EXTINCT: An Illustrated Exploration of Animals That Have Disappeared Written by Lucas Riera Illustrated by Jack Tite (Phaidon; $19.95, Ages 7-10)
Most kids know that dinosaurs aren’t around anymore, but they may be surprised by the animals listed in Lucas Riera’sExtinct: An Illustrated Exploration of Animals That Have Disappeared. This oversized, full-color picture book focuses on 80+ animals extinct from the twentieth century to present day. Animals are arranged in like groups (birds, primates, reptiles, and so forth). Each two-page spread has fascinating stories that lend themselves to repeated reference. In the felines section, “It was Tibbles” tells of a pet cat who killed off an entire population of birds. Tibbles belonged to the lighthouse guard on an island near New Zealand; the Stephens Island wrens, unfamiliar with cats, soon perished.
Jack Tite’sgorgeous art is delightful and surprising. For example, the amphibians pages have animals both familiar and unusual, such as the picture of a baby inside a mother frog’s mouth. (Because the gastric brooding frog swallows it eggs, the young frogs emerge when fully formed.) Bears, wolves, pigeons, rhinos—kids will excitedly recognize these animals. The reason many no longer exist is due to human behavior.
I appreciate the “How Can I Help?” section at the end which provides simple things kids can do: thinking about whether they really need that new item and always bringing reusable shopping bags to the store. Adults can read labels to ensure that products don’t contain palm oil (a major cause of deforestation) and avoid buying items made from single-use plastic or ones with non-compostable packaging. Extinct gently encourages environmental stewardship with kid-friendly images and descriptions.
✩Starred Reviews – Kirkus Reviews, Publishers Weekly and Shelf Awareness
Turn off the TV, power down the devices, and take the children to the museum … simply by opening up this visually impressive book! Colorful, intricately drawn animal life forms, will instantly grab children’s attention.
Beginning with its oversize format and a bronze-colored admittance ticket, the book’s design was intended to create (or recreate) a museum visit. Turn the pages and step into the “museum.” At the “Entrance,” the “curators,” Jenny Broom and Katie Scott, welcome children and invite them to “See for yourself how the tree of life evolved from the simple sea sponge into the diverse array of animals found on Earth today (p.1).”

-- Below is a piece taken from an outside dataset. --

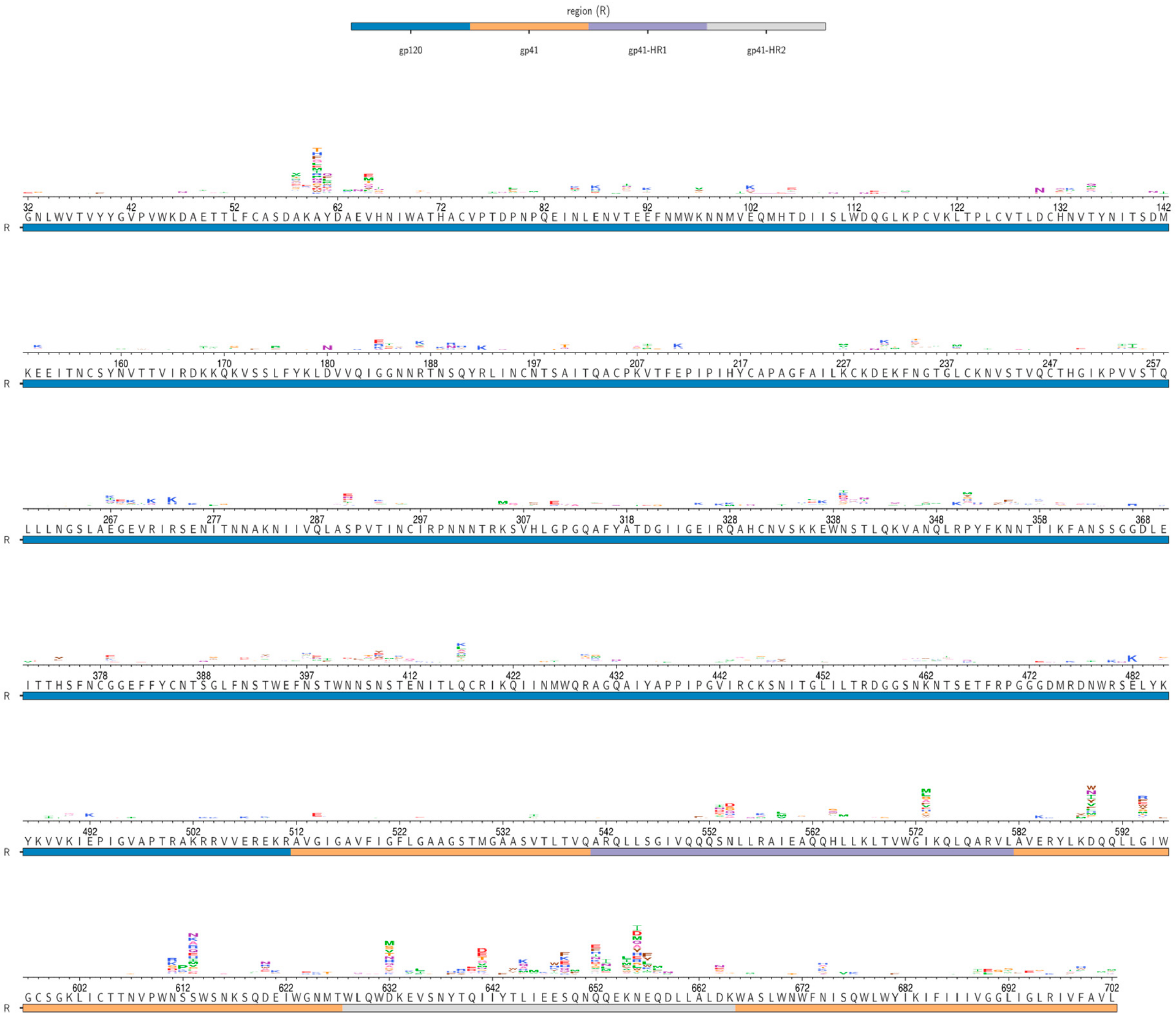 Viruses 12 00241 g004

A breath-taking two page spread of the “Tree of Animal Life” follows. The curators explain that this unusual tree illustrates ” … how organisms that appear to be very different have … evolved from one another over millions of years … (p. 5).” Children (and adults) will find it fascinating to follow the branches up from the stem (Invertebrates) to see the development of, and interrelationships between, animal life forms. For example, a lungfish and a cockatoo once shared the Vertebrate branch. The curators note that the further away from the stem a species is, the more the species has evolved in order to survive.

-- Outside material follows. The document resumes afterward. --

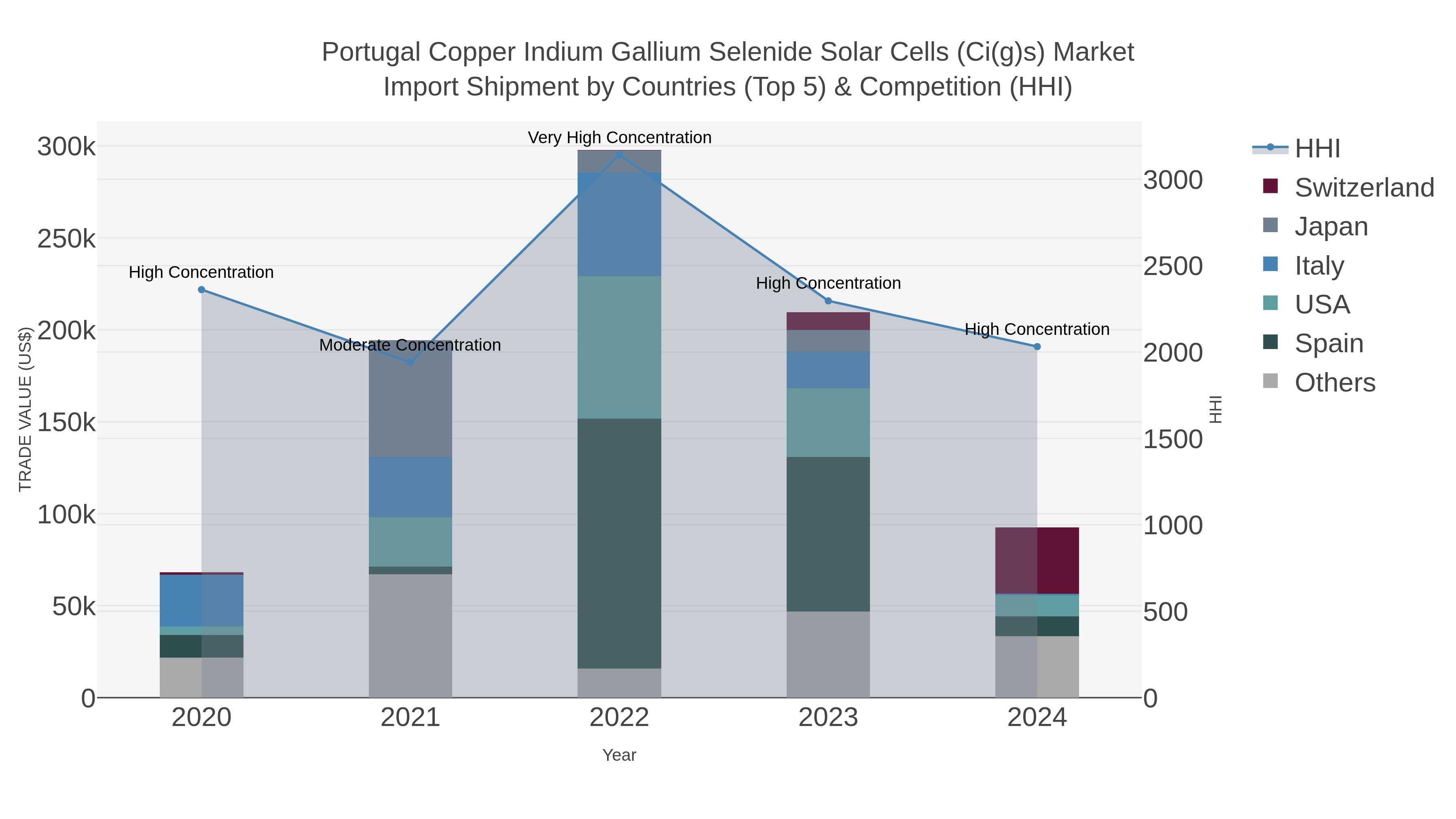 Portugal Copper Indium Gallium Selenide Solar Cells (ci(g)s) Market Import Shipment by Countries (Top 5) & Competition (HHI)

As children continue turning pages, they enter individual “galleries” (or book chapters) which are ” … arranged by shared characteristics and in evolutionary order to show how the animal kingdom… (p.1) ” developed over eons of time into invertebrates, fish, amphibians, reptiles, birds, and mammals.
The curators encourage their young visitors to ” … look for characteristic similarities and read the text to find out more about how the animals are comparable. (p.1).” Each gallery also sports a “habitat diorama” where children can learn about the ecosystem that supports those animals and how they have adapted to life in that environment. In examining the Arctic Tundra, children will learn that many of the mammals there, such as the polar bear, are predatory carnivores, requiring the protein found in meat to help fuel the energy these animals need to keep warm.
Broom’s narrative is engaging and flows smoothly. While age appropriate, it is not simplistic nor condescending. Scientific vocabulary (cnidarian, amphibian, phylum) is used throughout the book with the meanings gracefully woven into the narrative.
Two page spreads feature general information and characteristics about a group of animals. A “Key to the plate” presents information specific to the animals found in the accompanying illustration, numbered like a field guide. Scott makes excellent use of the book’s oversized format with a stunning full-paged spread of the Emperor Penguins and a diagram of the Nile Crocodile’s skeleton. Other spreads, such as the European frog, cover the bottom halves of two pages. This enables Scott to effectively and sequentially depict the frog’s five stages of development from frogspawn to adult. Her intricate pen and ink drawings, digitally colored, are reminiscent of work done by artists and naturalists like John James Audubon.
Additional material in the book includes a preface by Dr. Sandra Knapp of the Natural History Museum of London, England stressing the importance of biodiversity and a “Library” of several online resources.
Check out Big Picture Press to see several images from the book and Candlewick Press for information on the author and the illustrator and to order your copy. Watch the YouTube book trailer below, too.
So visit a “museum” that never closes-and keep children engaged for many hours. Animalium is a highly recommended middle grade nonfiction book for home, schools, and public libraries plus there’s never an admission fee.